Au programme des festivités de la Velá figurent donc des messes, ainsi que des activités sportives : des défis, des courses, des jeux récréatifs de toute sorte – des J.O. à la portée de toutes les bourses. Des feux d’artifice. Des illuminations à base de lampions colorés ornant le superbe pont. Triana redevient ce qu’il n’a cessé d’être : pays de Cocagne – le mât du même nom fait partie des distractions proposées, non sur terre mais dans la série des joutes nautiques pouvant rappeler celles du Pays d’Oc. Les casetas, stands ou baraques de toile occupant tout un trottoir de la rue Bétis rappellent celles de la feria et se réfèrent probablement aux origines nomades du peuple de nouveau assemblé place Altozano. On y vend des buñuelos, de la friture de menu fretin, du Manzanilla. Les terrasses autour du plateau en plein air, attirent foule. Les bars des rues San Jacinto, San Jorge, Pureza affichent complet. Les vendeurs ambulants offrent leurs cornets de friandises. Des planches sur tréteaux sont couvertes d’amandes vertes.

Le spectacle, total, était aussi bien sur scène que dans la salle ouverte aux quatre vents. Les compétiteurs et leurs proches – parents, amis, gens du voisinage – se préparaient, à l’écart, dans une ruelle faisant office de loges, côté jardin, près du marché couvert.

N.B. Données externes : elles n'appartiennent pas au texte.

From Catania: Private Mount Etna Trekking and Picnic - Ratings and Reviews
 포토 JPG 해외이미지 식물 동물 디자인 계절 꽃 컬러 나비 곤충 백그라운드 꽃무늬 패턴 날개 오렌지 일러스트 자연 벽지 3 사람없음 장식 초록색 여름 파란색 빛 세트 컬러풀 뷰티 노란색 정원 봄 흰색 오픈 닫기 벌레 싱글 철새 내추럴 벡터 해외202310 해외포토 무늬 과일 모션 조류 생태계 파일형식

Ils marquaient, répétaient in petto des enchaînements qui sont, quoiqu’on en dise, des éléments chorégraphiques, avant de monter sur les planches au son du disque correspondant à leur catégorie d’âge – selon le règlement, les benjamins ont entre trois et sept ans ; les enfants, entre huit et douze ; les jeunes, entre treize et dix-sept ; les adultes, dix-huit ans ou plus. Une fois sous les sunlights, leur aplomb surprend, aucune trace de trac n’étant perceptible. Cette jouvence formée au sein du clan plus, sans doute, que dans les écoles de danse, ne fait aucun complexe. Et ne correspond pas toujours aux canons de la beauté antique. Les joufflus s’accordent aux maigrichonnes. Les partenaires masculins venant à manquer, certaines danseuses tiennent le rôle de cavaliers.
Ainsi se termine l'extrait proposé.